MATERIALS PROVIDED:
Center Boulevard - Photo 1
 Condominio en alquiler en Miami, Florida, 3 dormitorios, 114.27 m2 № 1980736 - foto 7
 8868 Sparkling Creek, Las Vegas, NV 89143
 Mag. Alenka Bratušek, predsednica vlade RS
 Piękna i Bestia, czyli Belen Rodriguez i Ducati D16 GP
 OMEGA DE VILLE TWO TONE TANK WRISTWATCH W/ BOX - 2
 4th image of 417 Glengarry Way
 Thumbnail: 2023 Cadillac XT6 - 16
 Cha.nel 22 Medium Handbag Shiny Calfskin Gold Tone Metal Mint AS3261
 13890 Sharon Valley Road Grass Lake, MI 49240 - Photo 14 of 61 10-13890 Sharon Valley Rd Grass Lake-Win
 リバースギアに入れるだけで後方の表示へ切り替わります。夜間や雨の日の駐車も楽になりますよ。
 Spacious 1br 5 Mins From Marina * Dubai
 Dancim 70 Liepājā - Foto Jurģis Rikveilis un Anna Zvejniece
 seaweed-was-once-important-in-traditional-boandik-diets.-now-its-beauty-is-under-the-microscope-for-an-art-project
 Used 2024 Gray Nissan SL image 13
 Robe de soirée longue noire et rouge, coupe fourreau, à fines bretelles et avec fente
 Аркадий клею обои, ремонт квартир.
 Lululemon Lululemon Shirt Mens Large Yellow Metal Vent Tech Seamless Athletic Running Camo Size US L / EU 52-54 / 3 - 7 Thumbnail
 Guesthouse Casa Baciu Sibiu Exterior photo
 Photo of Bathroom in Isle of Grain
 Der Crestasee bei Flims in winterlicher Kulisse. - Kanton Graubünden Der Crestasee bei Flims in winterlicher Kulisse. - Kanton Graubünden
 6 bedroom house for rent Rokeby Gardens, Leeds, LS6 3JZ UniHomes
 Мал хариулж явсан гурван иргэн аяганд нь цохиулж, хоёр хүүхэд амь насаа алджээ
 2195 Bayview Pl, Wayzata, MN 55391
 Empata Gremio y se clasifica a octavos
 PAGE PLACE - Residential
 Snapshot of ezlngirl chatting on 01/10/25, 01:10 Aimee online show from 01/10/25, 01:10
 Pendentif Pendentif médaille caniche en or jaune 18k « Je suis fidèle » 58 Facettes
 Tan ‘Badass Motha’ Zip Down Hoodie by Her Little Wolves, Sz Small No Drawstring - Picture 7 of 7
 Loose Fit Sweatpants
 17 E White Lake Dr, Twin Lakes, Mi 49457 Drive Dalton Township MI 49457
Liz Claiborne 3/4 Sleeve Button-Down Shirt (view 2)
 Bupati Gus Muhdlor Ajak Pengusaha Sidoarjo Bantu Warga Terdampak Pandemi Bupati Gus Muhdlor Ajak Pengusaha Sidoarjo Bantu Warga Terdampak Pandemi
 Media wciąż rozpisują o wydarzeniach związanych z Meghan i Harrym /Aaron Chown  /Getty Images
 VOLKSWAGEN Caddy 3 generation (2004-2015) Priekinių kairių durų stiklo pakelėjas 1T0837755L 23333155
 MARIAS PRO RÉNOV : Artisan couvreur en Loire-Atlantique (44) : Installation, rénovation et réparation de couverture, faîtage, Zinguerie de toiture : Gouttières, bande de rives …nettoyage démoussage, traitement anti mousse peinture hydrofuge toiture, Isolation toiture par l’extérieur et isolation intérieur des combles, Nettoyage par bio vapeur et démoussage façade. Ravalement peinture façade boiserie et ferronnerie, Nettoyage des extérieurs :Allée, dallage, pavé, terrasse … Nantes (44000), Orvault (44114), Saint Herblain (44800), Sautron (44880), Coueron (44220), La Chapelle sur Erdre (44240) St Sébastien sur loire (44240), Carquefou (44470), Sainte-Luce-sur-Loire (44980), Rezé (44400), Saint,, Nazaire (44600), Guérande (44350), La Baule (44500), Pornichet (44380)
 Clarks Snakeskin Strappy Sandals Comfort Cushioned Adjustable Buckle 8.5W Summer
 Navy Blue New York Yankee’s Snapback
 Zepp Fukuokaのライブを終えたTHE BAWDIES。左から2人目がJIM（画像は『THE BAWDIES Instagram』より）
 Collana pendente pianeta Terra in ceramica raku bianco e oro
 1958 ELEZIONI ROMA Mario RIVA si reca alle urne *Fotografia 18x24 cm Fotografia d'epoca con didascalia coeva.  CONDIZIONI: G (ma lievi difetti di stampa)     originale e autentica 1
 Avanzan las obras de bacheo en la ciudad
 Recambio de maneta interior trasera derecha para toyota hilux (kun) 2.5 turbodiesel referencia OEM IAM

THE TASK: The lines above that hold the word "Down" should be found and copied out.

WRITTEN SOLUTION:
 Tan ‘Badass Motha’ Zip Down Hoodie by Her Little Wolves, Sz Small No Drawstring - Picture 7 of 7
Liz Claiborne 3/4 Sleeve Button-Down Shirt (view 2)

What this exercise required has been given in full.